- _GIVEN INFORMATION_
=======

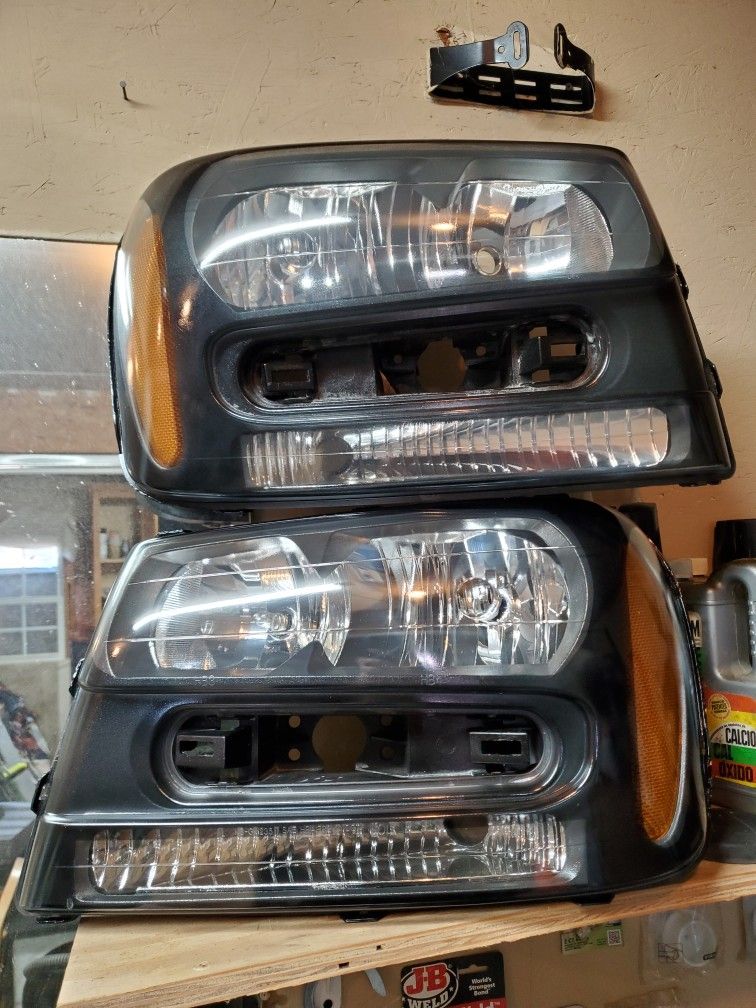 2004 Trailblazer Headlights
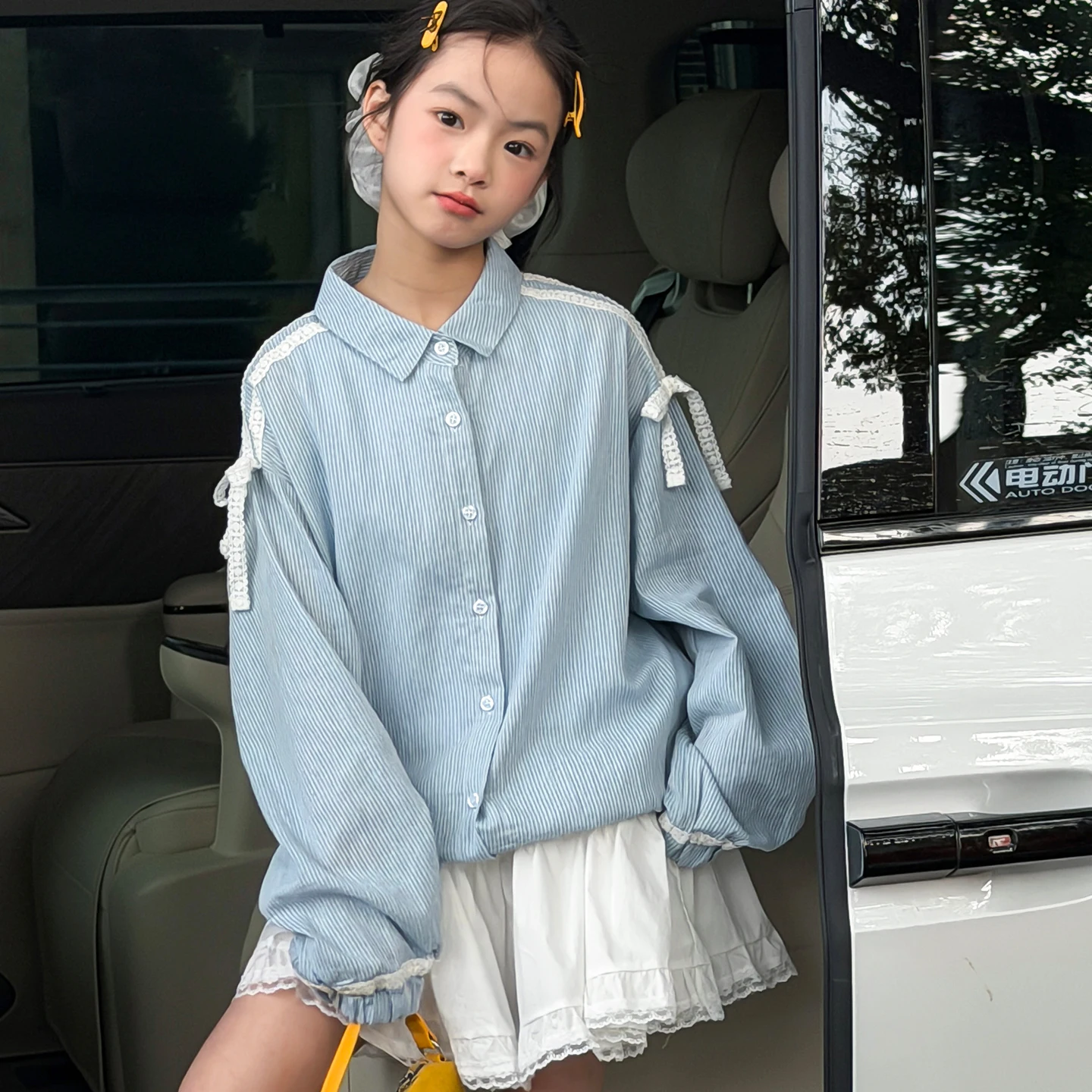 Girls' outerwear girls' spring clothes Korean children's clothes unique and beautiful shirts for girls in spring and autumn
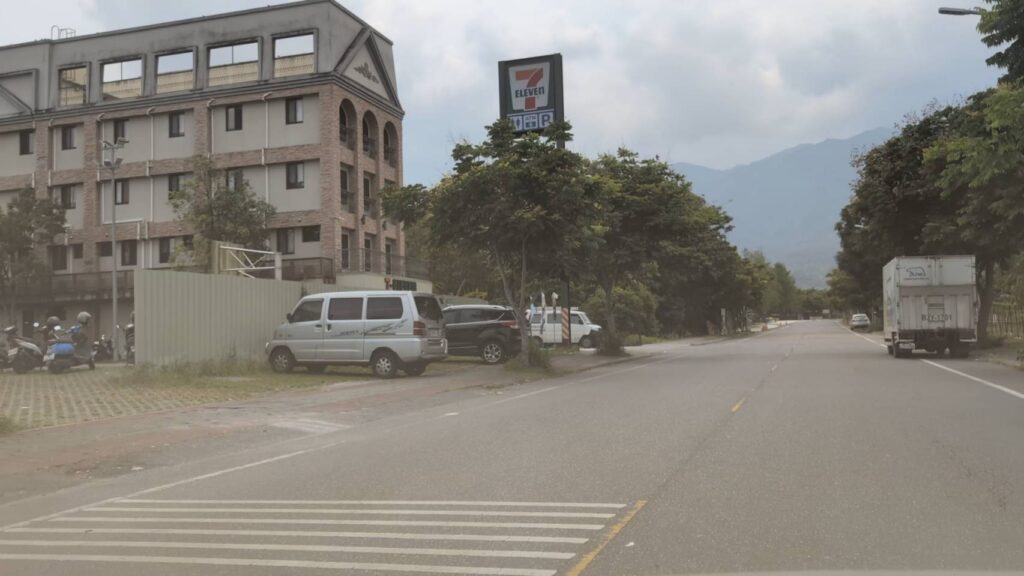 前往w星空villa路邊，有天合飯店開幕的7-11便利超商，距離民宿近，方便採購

=======

- _EXERCISE PROMPT_
Write the material out again exactly. Do not include the pictures.

- _RESPONSE BOX_
 2004 Trailblazer Headlights
 Girls' outerwear girls' spring clothes Korean children's clothes unique and beautiful shirts for girls in spring and autumn
 前往w星空villa路邊，有天合飯店開幕的7-11便利超商，距離民宿近，方便採購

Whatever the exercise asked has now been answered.